● **Problem requirements**
Take the entries below and reproduce exactly the portion that begins at the line containing "105 Governors Drive - Photo Thumbnail 9" and ends at the line containing "Fotos: Corinthians X", keeping both ends, dropping pictures, and adding nothing else.

● **Dataset**
________________________________________

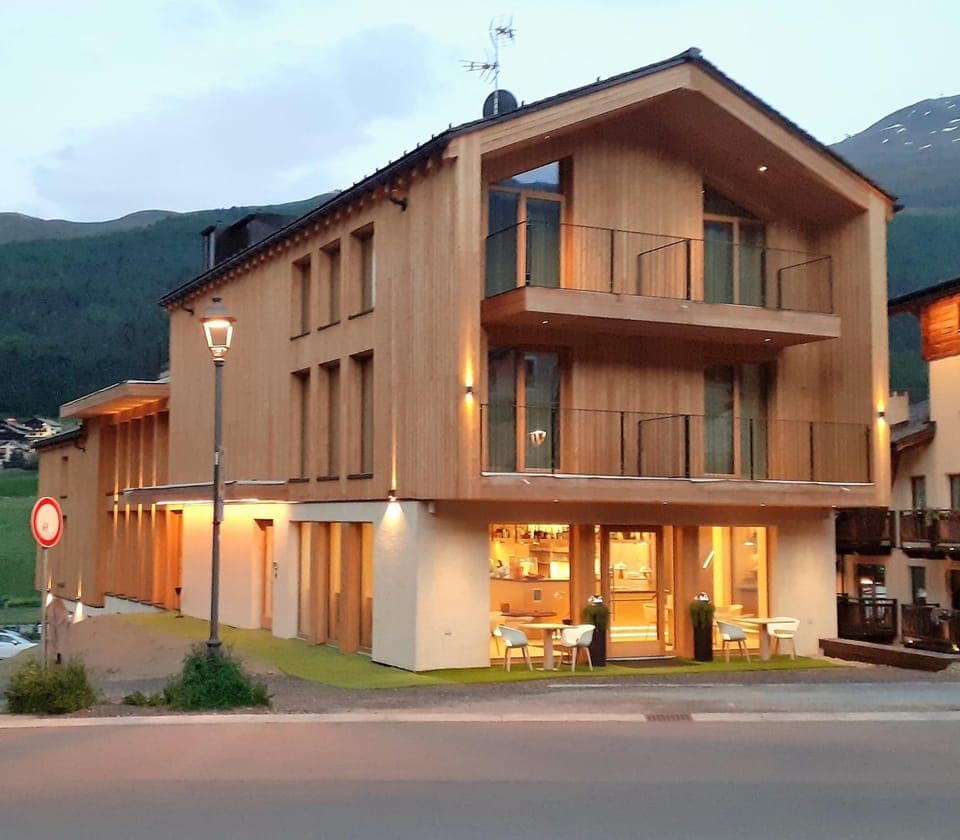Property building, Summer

________________________________________

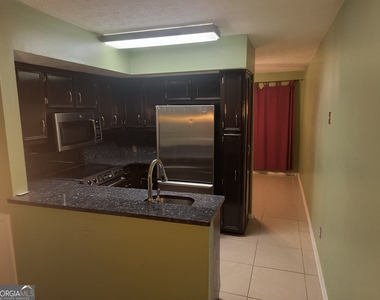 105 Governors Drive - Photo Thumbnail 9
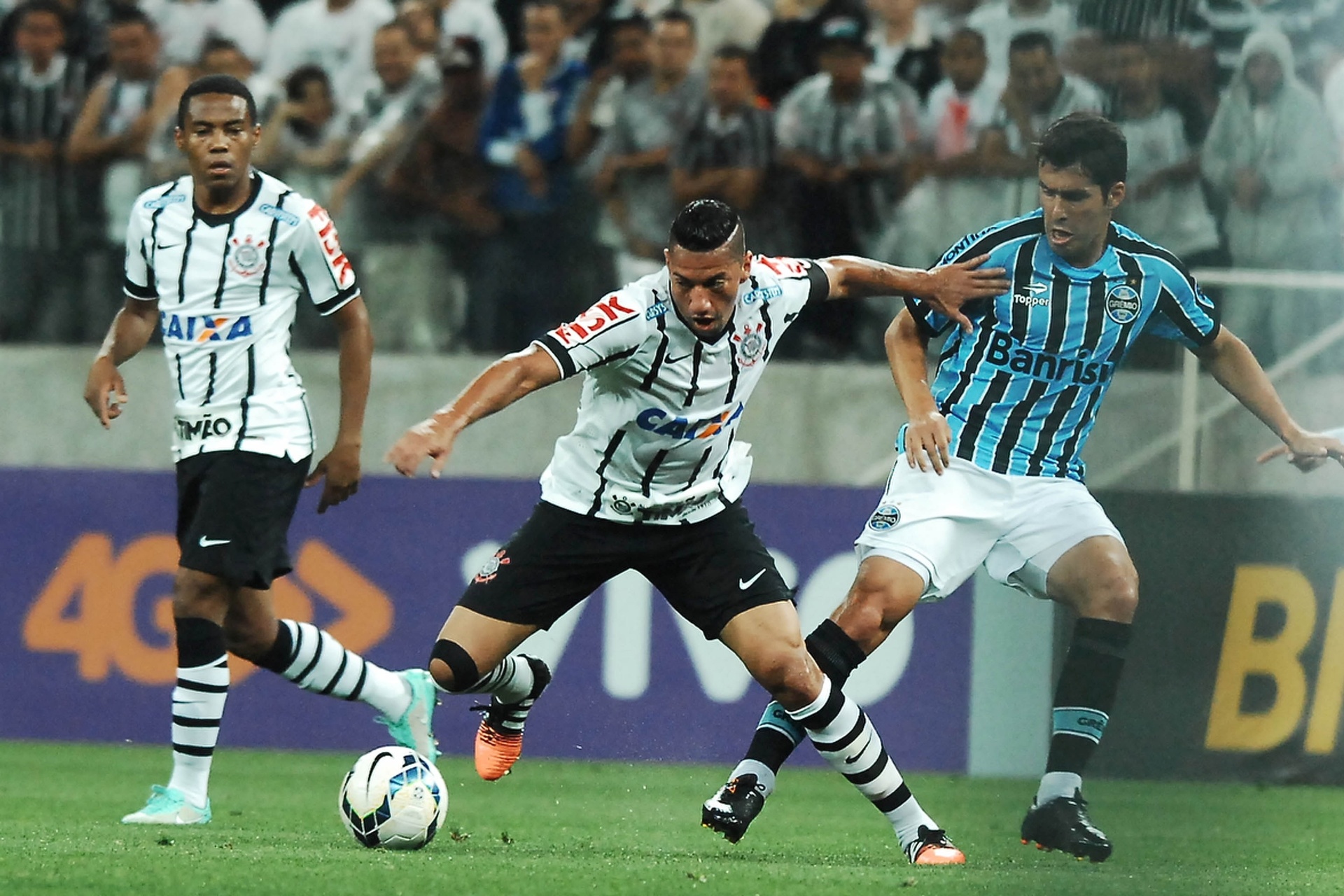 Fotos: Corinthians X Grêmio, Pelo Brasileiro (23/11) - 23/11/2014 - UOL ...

________________________________________

● **Result of this task**
 105 Governors Drive - Photo Thumbnail 9
 Fotos: Corinthians X Grêmio, Pelo Brasileiro (23/11) - 23/11/2014 - UOL ...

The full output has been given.